Ihre Schwiegermutter durfte ihre Tochter trotz des von dieser erklärten Erb- und Pflichtteilsverzichts in einem Testament als Alleinerbin einsetzen. Denn der Erb- und Pflichtteilsverzicht bezog sich nur auf das gesetzliche Erbrecht, er schließt eine testamentarische Erbeinsetzung nicht aus. Ihre Söhne haben allerdings einen Pflichtteilsanspruch, da sie insoweit an die Stelle Ihres verstorbenen Ehemannes getreten sind. Der Wert des Pflichtteils entspricht der Hälfte des gesetzlichen Erbteils; da Ihre Söhne jeweils zu einem Viertel gesetzliche Erben geworden wären, haben sie also Anspruch auf jeweils ein Achtel des Nachlasswertes im Wege des Pflichtteils.
Die Frage ist nun, wie hoch der Wert des Nachlasses Ihrer Schwiegermutter zu beziffern ist, insbesondere ob die aufgrund des Vertrags vom 31.08.2000 erfolgte Übertragung von Vermögenswerten im Wert von 300.000 EUR dem Nachlass hinzuzurechnen ist. Hierbei ist zunächst mangels entgegenstehender Hinweise davon auszugehen, dass dieser Vertrag wirksam geschlossen worden ist. Unwirksam wäre der Vertrag nur, wenn Ihre Schwiegermutter z.B. aufgrund geistiger Verwirrtheit geschäftsunfähig war. Da mittlerweile aber auch schon einige Jahre ins Land gegangen sind, wird es schwierig sein, dies noch zu überprüfen.

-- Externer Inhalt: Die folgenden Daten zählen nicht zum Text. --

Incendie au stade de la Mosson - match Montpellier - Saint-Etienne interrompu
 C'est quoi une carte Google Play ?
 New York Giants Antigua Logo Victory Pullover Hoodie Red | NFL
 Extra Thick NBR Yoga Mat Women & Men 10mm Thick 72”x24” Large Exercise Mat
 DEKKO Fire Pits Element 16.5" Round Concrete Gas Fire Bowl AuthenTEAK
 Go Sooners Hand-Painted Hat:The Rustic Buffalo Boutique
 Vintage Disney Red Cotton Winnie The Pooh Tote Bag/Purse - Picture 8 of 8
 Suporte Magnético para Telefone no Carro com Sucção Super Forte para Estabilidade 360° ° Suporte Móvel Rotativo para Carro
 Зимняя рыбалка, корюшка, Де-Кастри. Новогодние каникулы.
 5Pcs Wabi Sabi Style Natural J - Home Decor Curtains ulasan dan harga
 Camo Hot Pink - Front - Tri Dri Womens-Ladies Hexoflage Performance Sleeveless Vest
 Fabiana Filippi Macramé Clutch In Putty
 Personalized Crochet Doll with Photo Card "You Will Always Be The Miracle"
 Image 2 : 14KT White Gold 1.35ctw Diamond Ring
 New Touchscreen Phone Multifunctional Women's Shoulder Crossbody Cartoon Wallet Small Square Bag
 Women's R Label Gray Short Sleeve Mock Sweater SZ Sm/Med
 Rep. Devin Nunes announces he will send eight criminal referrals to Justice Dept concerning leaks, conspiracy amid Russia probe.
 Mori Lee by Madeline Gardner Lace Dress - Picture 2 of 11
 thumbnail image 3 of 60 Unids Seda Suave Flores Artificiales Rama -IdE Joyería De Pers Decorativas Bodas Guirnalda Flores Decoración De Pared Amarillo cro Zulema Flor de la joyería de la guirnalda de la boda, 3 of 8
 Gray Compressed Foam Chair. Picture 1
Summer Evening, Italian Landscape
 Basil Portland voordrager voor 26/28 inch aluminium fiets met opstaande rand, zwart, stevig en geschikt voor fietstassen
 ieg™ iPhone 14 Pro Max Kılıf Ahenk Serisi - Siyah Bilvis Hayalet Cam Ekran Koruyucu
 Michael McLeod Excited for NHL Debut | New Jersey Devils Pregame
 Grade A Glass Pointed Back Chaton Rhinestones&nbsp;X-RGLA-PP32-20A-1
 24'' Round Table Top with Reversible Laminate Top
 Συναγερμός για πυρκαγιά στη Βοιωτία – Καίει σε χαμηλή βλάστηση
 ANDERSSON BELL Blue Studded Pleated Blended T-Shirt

Allerdings stehen bei diesem Vertrag der Wert der von Ihrer Schwägerin zu erbringenden Pflegeleistung und der Wert der Übertragungsverpflichtung, die Ihre Schwiegermutter übernommen hat, von außen betrachtet in einem auffälligen Missverhältnis zueinander; die Pflegeleistungen, die man als Privatperson für eine 88jährige Dame erbringen muss, dürften in den seltensten Fällen einen Wert von 300.000 EUR haben. Daher ist zu vermuten, dass ein Teil der Vermögensübertragung in Wahrheit unentgeltlich, also als Schenkung, erfolgen sollte. Und gemäß § 2325 BGB sind Schenkungen, die der Erblasser weniger als zehn Jahre vor seinem Tod gemacht hat, bei der Berechnung des Pflichtteils dem Nachlass hinzuzurechnen. Sie sollten also einen Rechtsanwalt aufsuchen und zusammen mit ihm ermitteln, wieviel das Pflegeversprechen Ihrer Schwägerin objektiv wert war und wieviel von der Vermögensübertragung in Wahrheit eine Schenkung darstellte. Der Teil der übertragenen Vermögenswerte, der schenkweise auf Ihre Schwägerin übertragen wurde, muss bei der Bestimmung der Höhe des Pflichtteilsanspruchs Ihrer Söhne dem Nachlass hinzugerechnet werden.
Ich hoffe, Ihnen mit dieser Auskunft weitergeholfen zu haben. Für Rückfragen stehe ich selbstverständlich zur Verfügung.